The Russians have a good, but quite subjective, sense of justice. And justice says that Crimea belongs to Russia. When Leo Tolstoy was a young man, he served in the Tsar’s army during the Crimean war. He wrote about it in the Sevastopol Stories (a good book). Crimea was given to Ukraine by Khrushchev in the 1954. At that time it was only an administrative formality within the Soviet Union. Then Crimea drifted away when the Soviet Union collapsed and Ukraine became independent. However, many Russians still see it as a part of Russia.

That’s what they say. I just say that different people see things in different ways. The politicians in America and Western Europe don’t understand the Russian mentality. That’s for sure.

(Picture taken in Moscow this morning, when I was walking from the hotel to our office, and crossing the bridge over the frozen Moscow River to Krasnye Holmy.)

January 15, 2015

Charlie is back

Last week, we were shocked by the acts of terror in Paris.
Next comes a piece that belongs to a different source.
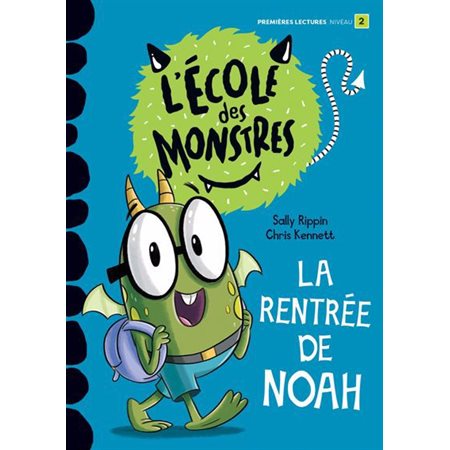 La rentree de Noah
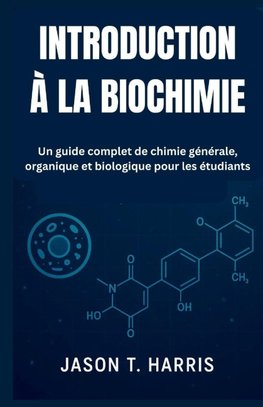 INTRODUCTION À LA BIOCHIMIE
This week, Charlie Hebdo is back with a new issue. That’s great.  The artists and cartoonists are brave.  

I think duck liver is a hype, but I always liked the French cheese, and the French attitude to freedom of speech. Charlie Hebdo’s satire offends the Muslims. That’s fine. They just have to learn to live with it, like the Christians, Jews and Satanists have learnt.

What’s holy for you is not holy for me.  Mocking the gods and prophets can be fun, for sure. But blasphemy is more than entertainment. Blasphemy is an important part of the freedom of speech. Religion mixed with a political agenda is a bad combo, because it makes the agenda indisputable. Who are you to challenge God?
  • Imagine Obama coming to The House proposing a new law received from God, and the Republicans could do nothing to stop it. 
  • Imagine the Labor party coming to the Parliament with a political program given by God, and Cameron had to approve it right away. 
The French and the Americans (I think) were the first to develop a secular constitution. This is very important, splitting governing, legislative and religious power. Turkey is Muslim-secular, but develops in the wrong direction. Many Muslim countries are stuck in their political-religious swamp. The list of ridiculous laws and rules coming out of religion is endless:
  • Women are not allowed to watch football games (Iran)
  • Women are not allowed to drive cars (Saudi)
  • Death penalty for blasphemy (Pakistan)
  • Separate ski lifts for men and women (Iran)
  • One-hour marriage with prostitutes (which makes prostitution compliant with the Quran; Bahrain).
  • Men can’t sit next to women on airplanes (orthodox Jews)
  • Women can’t become priests (Catholics)
  • Priests must live in celibate (Catholics)
  • Ban on condoms (Catholics)
None of these rules come from God. They were invented by powerful people as tools to control people. When rules can't be justified by rational arguments, the easiest solution is God. No wonder religious authorities  who make up such laws and rules (and their Prophets and Gods) become subject to satire and blasphemy.

The French author Michel Houellebecq once said that “among all ridiculous religions, Islam is the most stupid”. He was taken to court in Paris for this statement, but was acquitted based on freedom of speech. They are all about equally bad; I dislike religion in general. 

I have plenty of religous books in my shelf; the Bible, the Quran and the Book of Mormon, and I have read a fair part of them (but far from everything). Sharia is mostly useless as legislation for the modern world. But taking the worst of the Bible, it would make a pretty bizarre law too.

Some of the religious texts can be quite entertaining. Once we had fun drinking beer and reading load from the Quran in a pub up north. I think the pub was a safe place for our blasphemy. It's an unlikely place to meet jihadists and inquisition.

In Satan we trust >:)

(Cover page of this week's issue of Charlie Hebdo; link to WIkipedia. The text above Muhammsd's head says "Everything is forgiven".)